Chief among these is the deposed Senate president but still-powerful political boss, Antonio Carlos Magalhaes, whose son before his early death had been seen as Mr. Cardoso's heir apparent. The list also includes former president and influential senator, Jose Sarney, whose daughter had been doing well in the presidential campaign until she was unceremoniously dumped. Her undoing was a well-publicized, and in Mr. Sarney's view politically motivated, raid by the federal police which found wads of unexplained cash in her husband's business office.

Mr. Serra cannot even count on the support of the president's own Social Democratic Party. The governor of Ceara, Tasso Jereissati, one of the party founders, is the mentor of Ciro Gomes, a presidential candidate in his own right and Lula's most formidable competitor in the opinion polls.

Even if Mr. Serra were to win, it would hardly guarantee the advance of liberalization that Brazil so desperately needs. He was the loyal opposition within the Cardoso government, and the main critic of the policies of Finance Minister Pedro Malan, and the central bank president Arminio Fraga. Mr. Serra comes from the "developmentalist" wing of the Brazilian left, and he is the favorite candidate of the protection-minded industrialists of São Paulo. He speaks more often of import substitution than he does of free trade.

A kind of hysteria has developed over Lula's popularity, a fear of a Brazilian lurch to the left. But the truth is more complicated. Remember that Mr. Cardoso also likes to think of himself as a man of the left. Yet to gain power he formed an alliance with the center-right. Likewise, Lula knows, having run and lost three times before, that he must move to the center if he is to attract the critical middle class votes he needs to win.

Watching from abroad many observers see a Lula or Gomes victory as a radicalization of Brazil. This is not likely. In October all of Brazil's governors and all the seats in Congress are also up for grabs.
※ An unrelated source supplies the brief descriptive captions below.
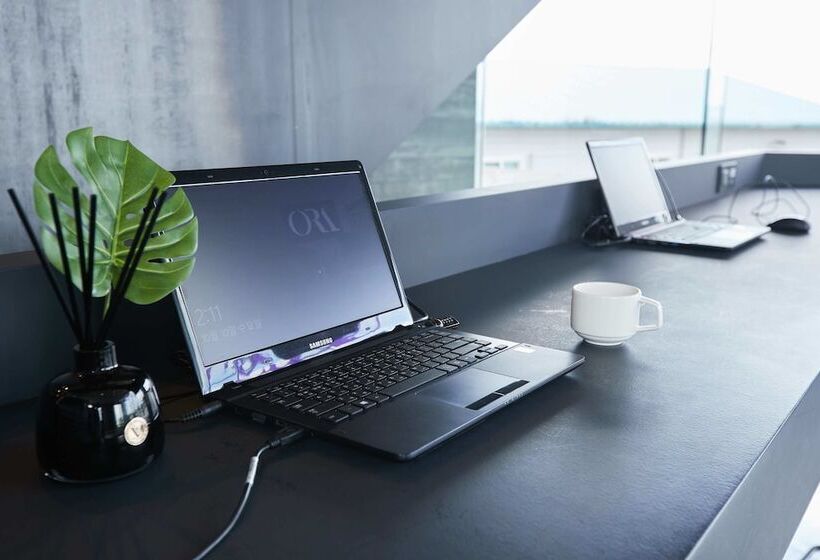 Отель Ora Incheon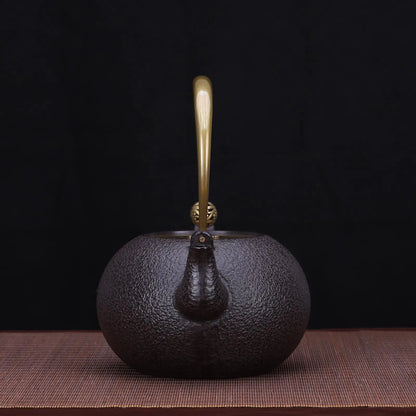 Détail texture martelée théière en fonte japonaise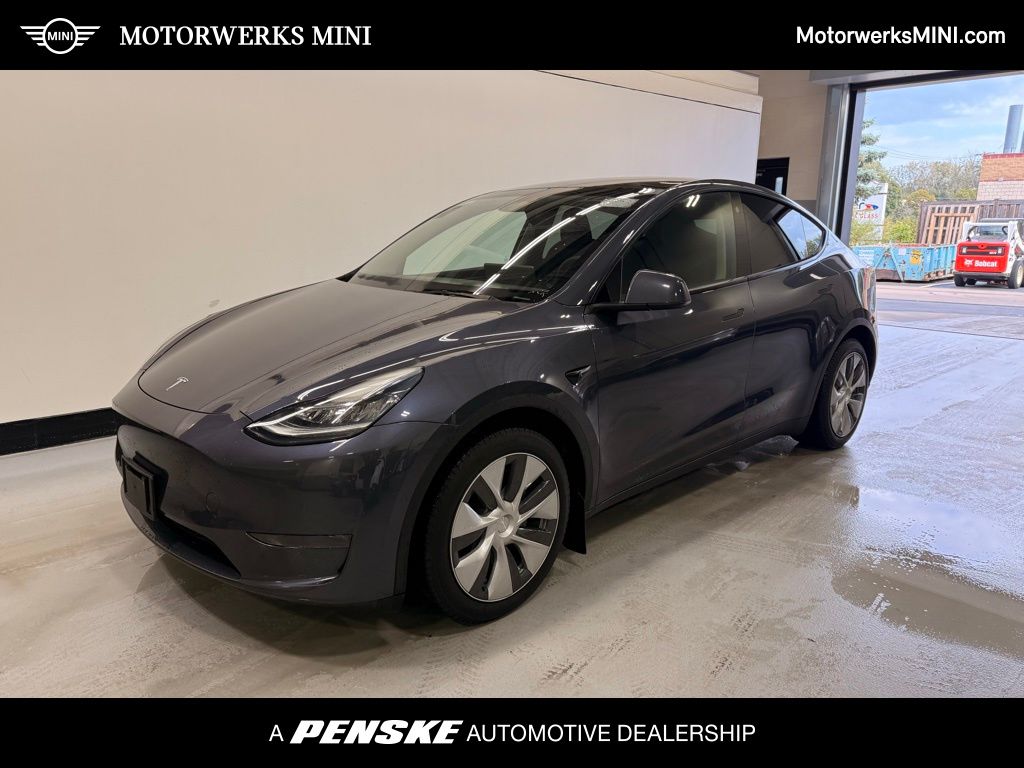 Thumbnail: 2022 Tesla Model Y - 1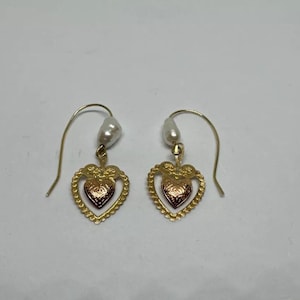 14K Yellow Rose Gold Italian Hearts Natural White Pearls Valentines - .85 Grams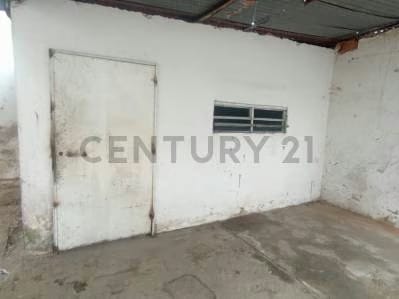 SE VENDE Casa comercial Barrio central ,calle silva - 8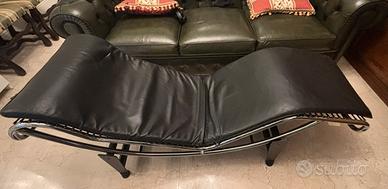 Chaise lounge design stile Le Corbusier LC4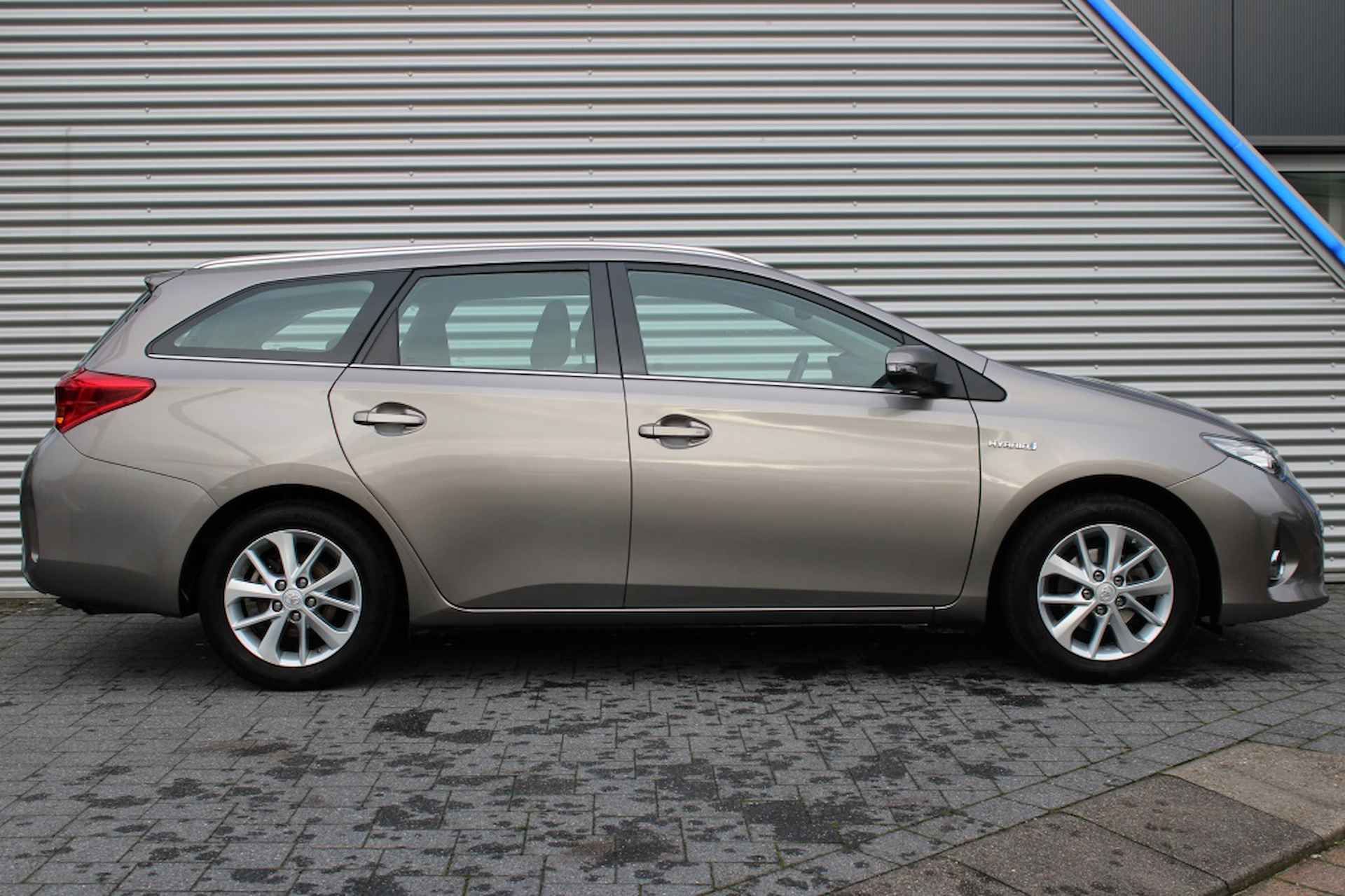 Toyota Auris Touring Sports 1.8 Hybrid Dynamic Automaat. Dealer onderhouden! - 8/29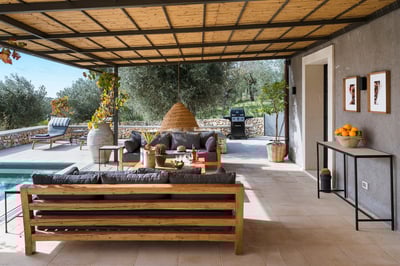 Luxury Villa Photo #10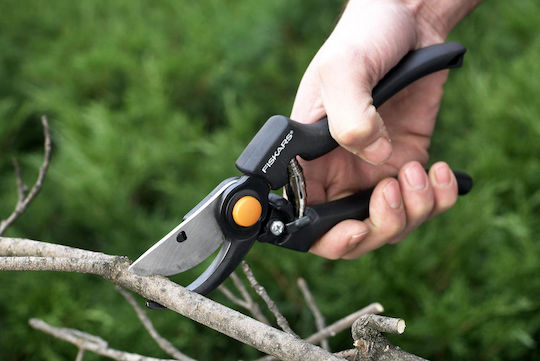 Fiskars P90 Pruning Shears Length 22.5cm with Maximum Cutting Diameter 26mm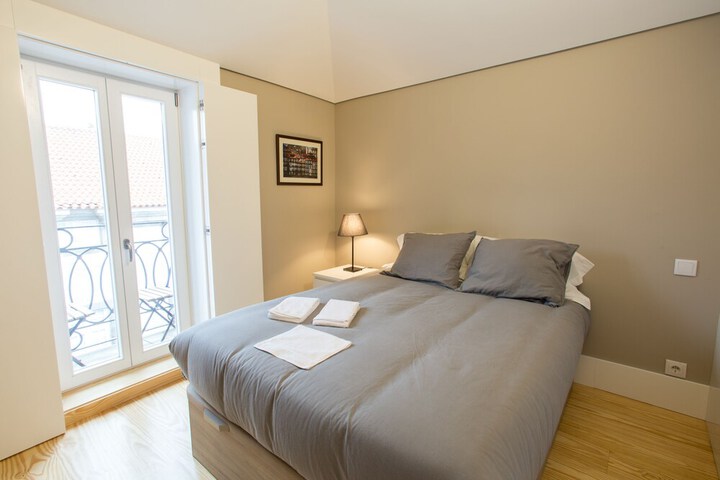 Room 20 of 136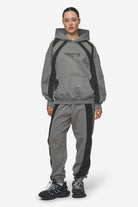 Pegador Amira Oversized Hoodie Washed Deep Grey Black Ganzkörper Bild aus der Most Alive Kollektion für DaHerren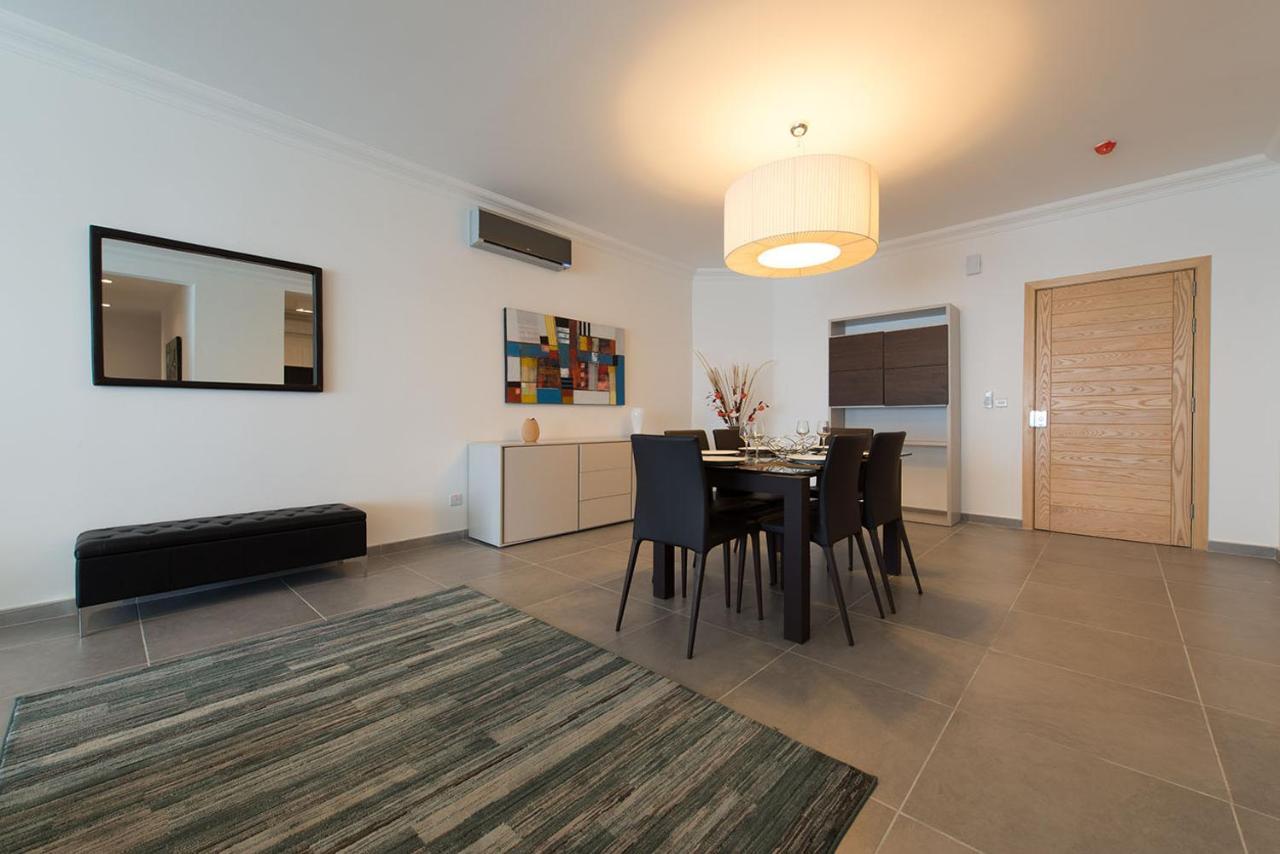 Seafront Luxury Apartment With Pool 슬리에마 외부 사진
There is no evidence at the state or congressional level of any great shift to the left. In fact, many old stalwarts of Brazilian politics are back and running, among them the right-wing populist Paulo Maluf, who is doing well in the contest for the governorship of Sao Paulo. The vast majority of Brazil's politicians, whatever their temporary party affiliation and rhetorical flourishes, cling to the status quo. This makes reform in Brazil difficult. But it is what also makes Brazil politically a very conservative place.

In this context, the IMF bailout is the wrong medicine at the wrong moment and threatens to worsen a fragile situation. Instead of encouraging an open discussion of how to get the country growing and able to service its debt, the package creates the illusion that the country can delay needed action. Moreover, locals and foreigners are likely to use the "aid" to sell reais and buy dollars as the Central Bank tries to defend the currency.

When Treasury Secretary Paul O'Neill was in São Paulo recently, he took time off to visit the poor. On top of a shiny briefcase he countersigned one dollar bills and handed them out. Now, a week after the IMF bailout was announced it seems the only Brazilians who are better off are the recipients of Mr. O'Neill's personal largess. Provided, that is, they had the good sense to hold the crisp new dollar bills as the real sank.

Mr. Maxwell is director of Latin American Studies at the Council on Foreign Relations in New York.